La colère n'est qu'un surcroît d'activité. Quand nous agissons avec la main, il arrive souvent que les dents grincent et que les pieds frappent le sol, sans aucune utilité. Cela vient de ce que tout se tient étroitement dans notre organisme. Tout mouvement d'une partie réveille et excite les autres parties ; nous sommes une colonie de muscles, chacun attaché sur son rocher, je veux dire en un point du squelette ; et la plupart dorment ordinairement, les uns simplement relâchés et étalés, comme est un chien devant le feu ; les autres faisant machinalement leur petit métier, comme une nourrice somnole en balançant le berceau.
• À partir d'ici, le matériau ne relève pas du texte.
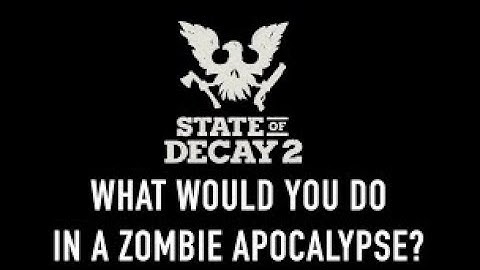 HOW TO GET THE BEST SURVIVORS! - STATE OF DECAY 2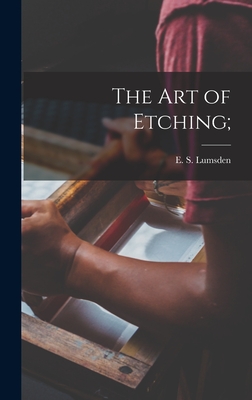 The Art of Etching; - Lumsden, E S (Ernest S ) 1883- (Creator)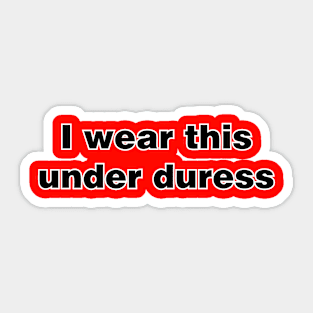 I wear this under duress Sticker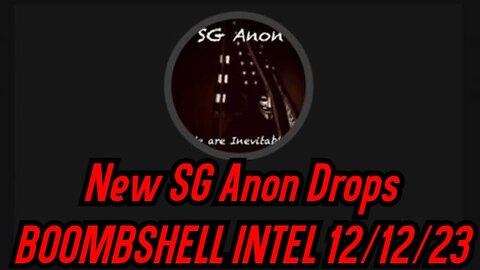 New SG Anon Drops BOOMBSHELL INTEL 12/12/23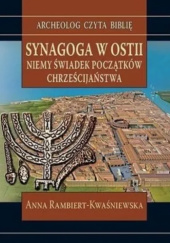 Okładka książki Synagoga w Ostii. Niemy świadek początków chrześcijaństwa Anna Rambiert-Kwaśniewska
Mais si quelques-uns d'entre eux se crispent, se gonflent, se grossissent comme des chats en colère, comme ils communiquent tous non seulement par voisinage, mais aussi par télégraphie des nerfs, les voilà tous réveillés en sursaut, et pris d'une espèce de panique ; chacun tire de toutes ses forces sur des tendons, souvent sans autre résultat que de raidir le bras et la jambe ; souvent aussi avec soubresauts ou tremblements ; tout ce travail inutile est pourtant une dépense et par suite un encrassement du sang, ce qui, par une autre télégraphie, entre les reins et le cœur principalement, met en marche accélérée les balayeurs, boueux et égoutiers ; ainsi le cœur bat plus vite ; la respiration est accélérée ; de là une filtration plus rapide dans les reins, et, par un mécanisme du même genre, une surabondance de larmes. Bien mieux, tout ce mouvement de lavage intérieur achève de réveiller les muscles, et l'on tombe dans une espèce d'épilepsie ; tout cela pour avoir agité sans mesure cette malheureuse clef dans la serrure brouillée !

(…) Comment s'exercer contre une folie aussi ridicule ? Par la pratique. On apprend à agir ; cela veut dire qu'on apprend à ne plus réveiller tous ses muscles pour se servir de quelques-uns ; par quoi l'on devient adroit et imperturbable. On ne court plus avec ses actions ; toute notre nature reste en équilibre et en sérénité ; et nous ouvrons la serrure. Ainsi contre nos frères turbulents, il faut agir, mais sans que l'action nécessaire en décroche d'autres ; et surtout sans que nos opinions, se réglant à leur tour sur l'action, ressemblent à un râle de peur ou de colère. Il faut savoir donner un tour de clef aux prisons sans adorer la serrure.